Proses gasifikasi batu bara justru menghasilkan net emisi gas rumah kaca lebih besar sehingga program tersebut tidak konsisten dengan target penurunan GRK. Rancangan Undang-Undang Energi Baru dan Energi Terbarukan (RUU EBET) harus bebas dari penumpang gelap lantaran ada indikasi sejumlah pihak hendak menyelundupkan sejumlah pasal yang mengakomodir energi fosil, seperti batu bara. Karenanya, regulasi baru nanti harus murni untuk mendukung target net zero emission (NZE) pada 2060.
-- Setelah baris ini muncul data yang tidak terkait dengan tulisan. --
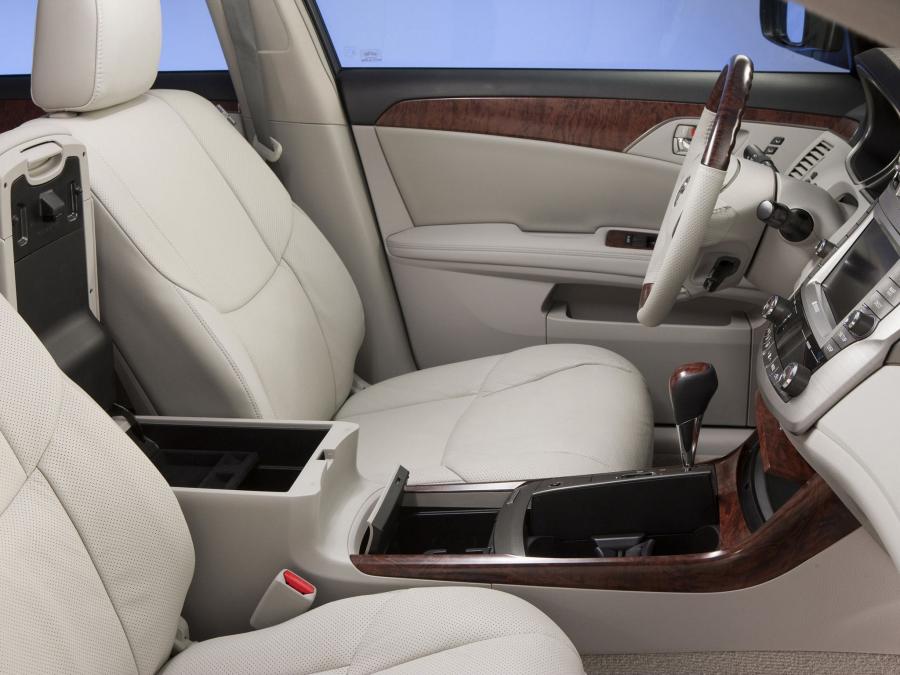  Toyota Avalon 2010 года  (фото 10 из 30)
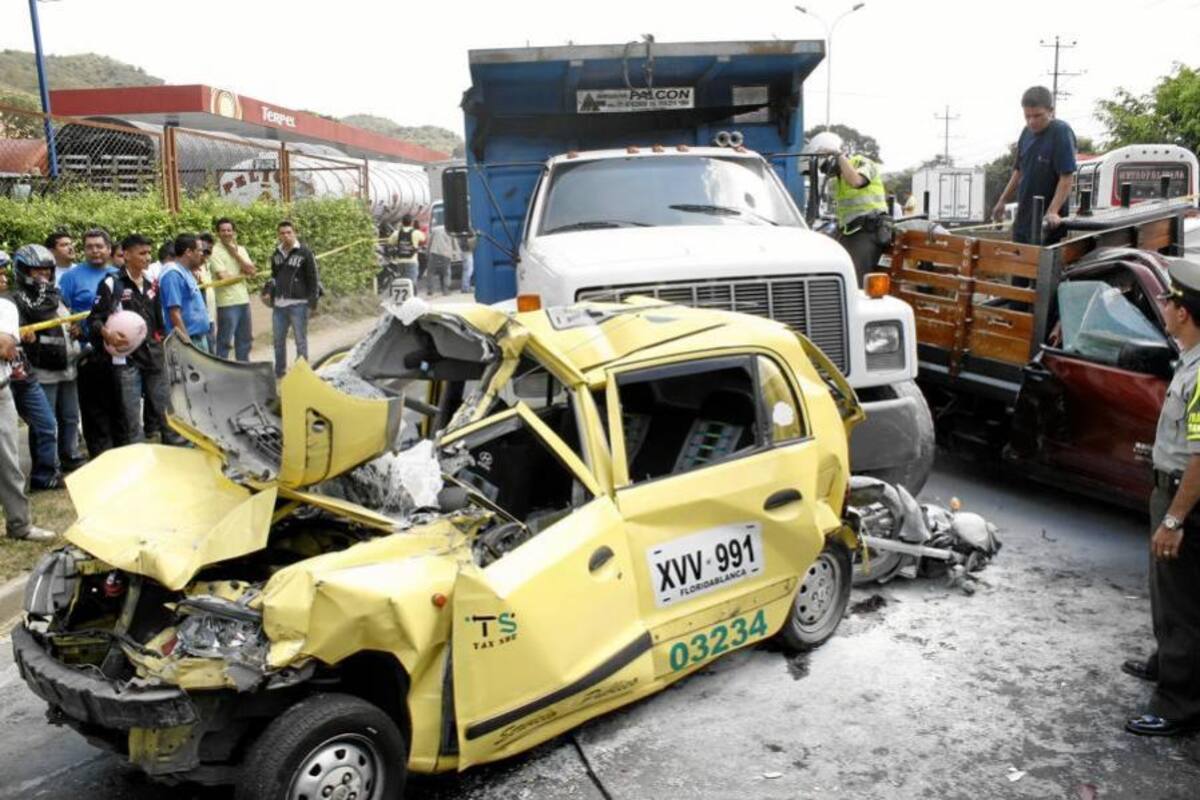 Así fue el choque múltiple de vehículos en la vía Bucaramanga - Girón (Foto: Marco Valencia/ Vanguardia Liberal)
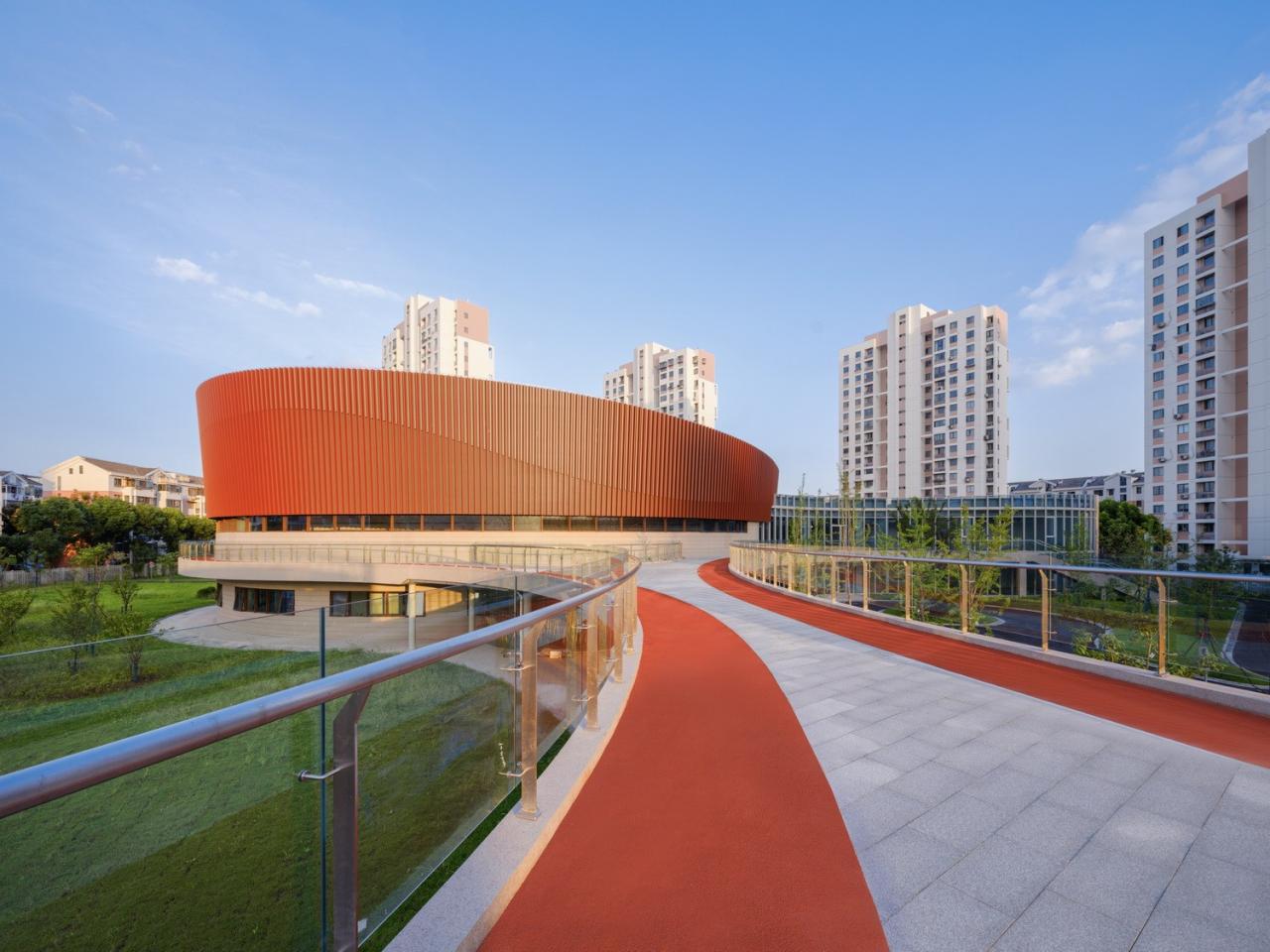 BIM建筑|上海三林懿德社区文体中心:“镶嵌”在社区当中的一站式“体育+”公园 / 三益中国 BIM建筑|上海三林懿德社区文体中心:“镶嵌”在社区当中的一站式“体育+”公园 / 三益中国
Direktur Eksekutif IRESS, Marwan Batubara menegaskan RUU EBET harus menghilangkan ketentuan terkait energi baru, terutama yang masih mengakomodasi penggunaan energi fosil. Ketentuan terkait program gasifikasi batu bara (DME) sejatinya tak layak ekonomi, namun coba diselundupkan. “Patut diduga sebelumnya, program DME telah digunakan (sebagai teaser’) untuk memperoleh perpanjangan PKP2B menjadi IUP (dalam revisi UU Minerba No.4/2009) dan ke depan digunakan untuk mengamankan kepentingan bisnis dan menjaga harga saham,” ujarnya dalam diskusi terkait Mengawal RUU EBT Konstitusional dan Pro Rakyat. Di samping itu, proses gasifikasi batu bara justru menghasilkan net emisi GRK lebih besar. Sehingga, program tersebut tidak konsisten dengan target penurunan GRK. “Ingin mengurangi emsisi C02/GRK, tapi yang dilakukan justru sebaliknya! Jika tetap ingin diatur, maka langkah paling tepat adalah merevisi UU Minerba dan UU Migas,” ucap Marwan.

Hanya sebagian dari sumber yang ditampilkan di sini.